Since the articles in this issue of Law Notes were prepared for publication, our entire world has changed. You already know the big story, as you are living it too: a near-total shutdown of activity and direct human contact, with the work that can or must continue—in the law school’s case, the work of teaching and learning—taking place remotely, our remaining interactions mediated by technology of various kinds.
Yet alongside, and within, this big story are other, more positive and hopeful ones, making clear that our community persists; it is resilient; and it shall endure. For one thing, those modes of communication and connection that remain are substantial and, less than a generation ago, would have seemed like a fantasy. Each day, without leaving my apartment, I see the faces and hear the voices of family, friends, colleagues, and members of the Brooklyn Law School community, near and far. Just over a week after suspending live in-person classes, our faculty and students were engaged in online sessions. The school building is not in use, but school is very much in session. If one pauses to think and to appreciate, one realizes that the overused phrase “miracles of modern technology” is apt. With all we have lost (temporarily, one hopes), what remains is miraculous.
No less miraculous is that, with all we have lost—or have had taken from us—so many are able, and eager, to give back as much or even more than before. Some give help and advice: for example, our Women’s Leadership Network Mentoring Circle has scarcely missed a beat in maintaining the umbrella of mutual support it creates among our graduates, and our new Remote Mentor program had over a hundred volunteers almost immediately. Others give resources: our new Student Support Fund, designed to help students who are experiencing unexpected financial hardships as a result of COVID-19, has attracted more than $65,000 and counting, from our alumni and friends as well as outside grants.

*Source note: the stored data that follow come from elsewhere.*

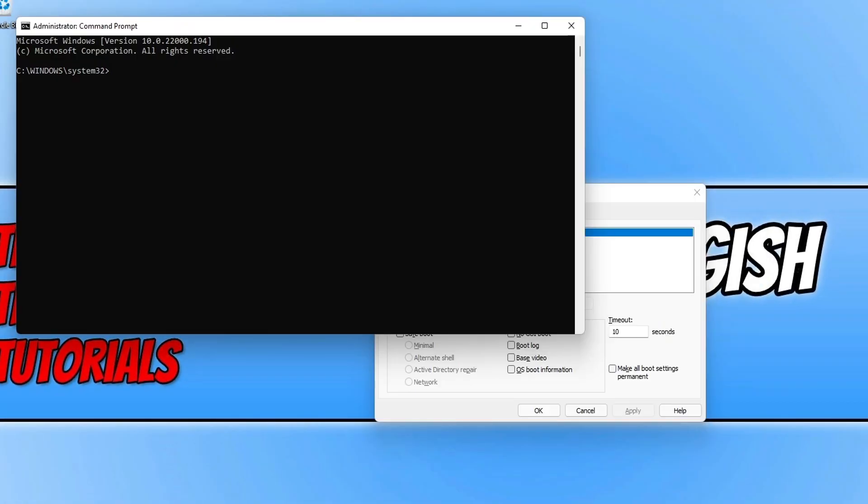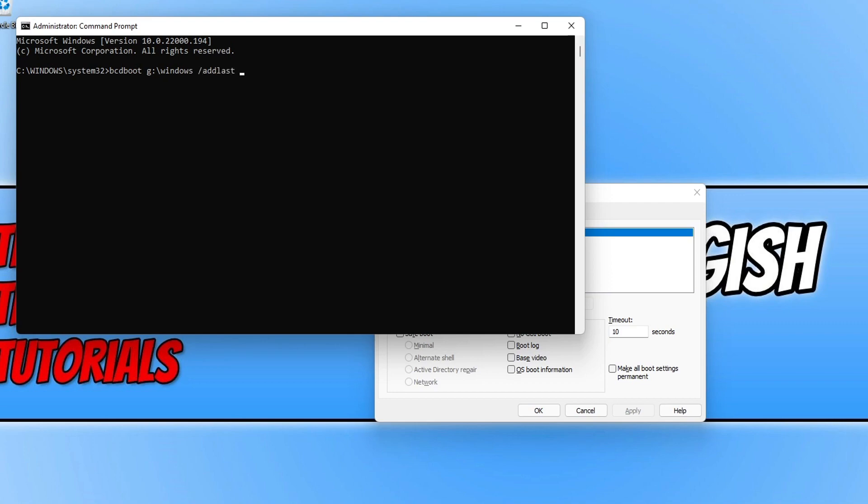You now need to type in bcdboot and then space, and you then need to do the hard drive letter and you then need to do colon backslash Windows and then space forward slash add last and then space forward slash d. You then need to press Enter and as you can see mine now says the boot files have successfully been created.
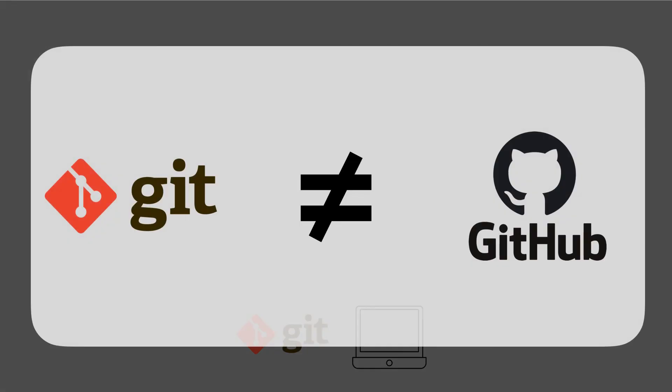So Git is a program that exists locally on your computer. Many people get confused thinking that Git and GitHub are basically the same thing. But this is a misunderstanding. They are two different things.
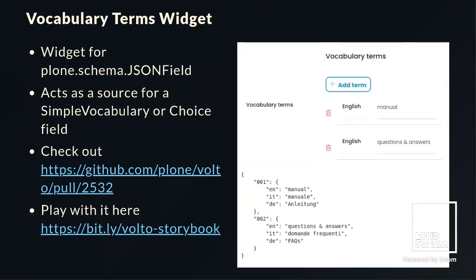Then there's the Vocabulary Terms Widget, made by Katia Suz. This widget acts as a source for a simple vocabulary or a choice field. I don't have many details about it due to limited time, but check out the linked pull request. Her workflow for developing the pull request is very interesting — any changes are accompanied by a small screencast to the Storybook for this widget, which you can interact with right away at the Storybook section of the Volto docs.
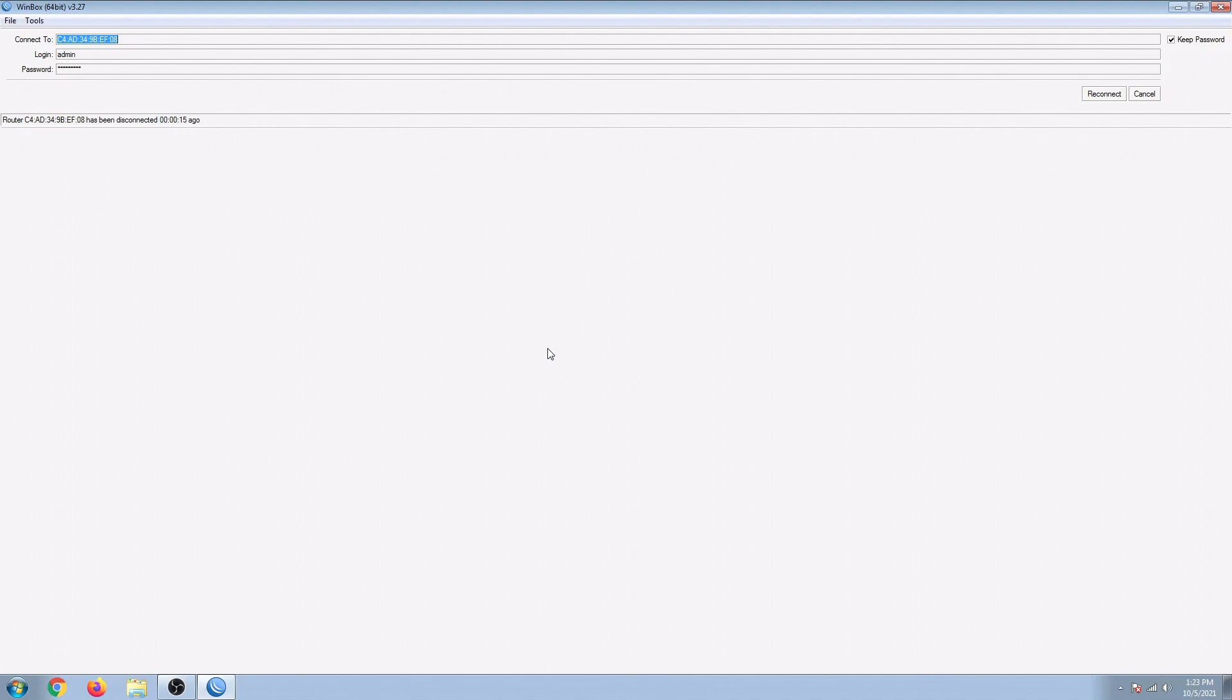Alright, so that ends our tutorial for today. I hope this simple video will help you to manage your Winbox router when it comes to automatic scheduling. So have a great day, guys, and thanks for watching. Bye.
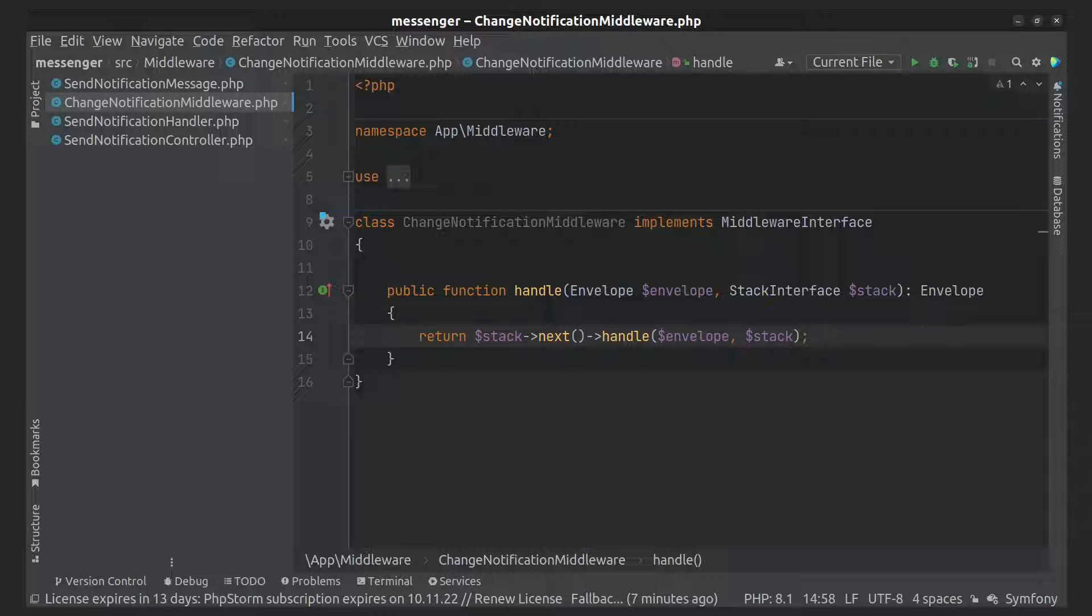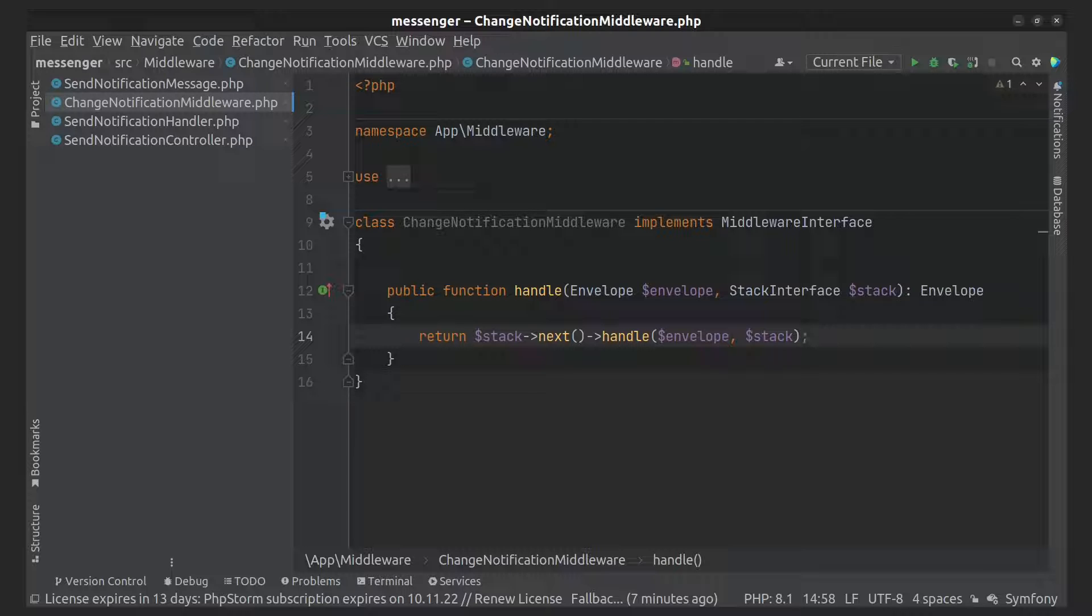It means that we are going to get the next middleware of the stack and give it the envelope. In this case our middleware simply does nothing. Let's add logic.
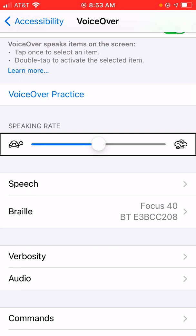Hello everyone. This is Stephen Daugherty here with another Austin Lighthouse Tech Tip. Today, I'm going to briefly go over how you can customize VoiceOver gestures on iOS for individual Braille devices.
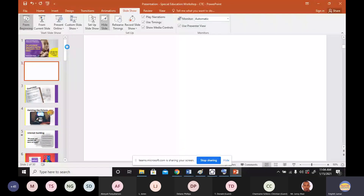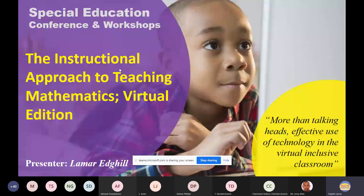Good morning, colleagues. Can you see my screen and hear my voice? I'm seeing responses — you're saying yes. I'm really happy to be here, and even happier that you are here with us today. Today's session talks about the instructional approach to teaching mathematics, taken from a virtual edition. We'll be following the sub-theme shared by Mr. Blair: 'More than talking heads — effective use of technology in the virtual inclusive classroom.'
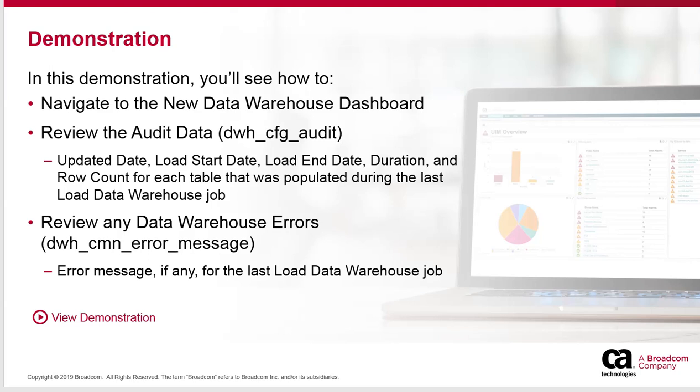If there were any errors associated with the Load Data Warehouse job, they would appear on this new dashboard and that will assist in troubleshooting. So let's look at a live demo.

We are, in short, living out the sentiment that Bill Withers, one of the many cultural icons who recently passed away, expressed in his classic song “Lean On Me.” As the song says, we all need somebody to lean on, and thankfully, many members of our community have been there to offer a helping hand in this time of unusual need for so many.
I close on the hopeful note with which “Lean On Me” begins:
We all have pain, we all have sorrow
But if we are wise
We know that there’s always tomorrow
May that tomorrow hasten on its way. Until then, let us continue to lean on each other.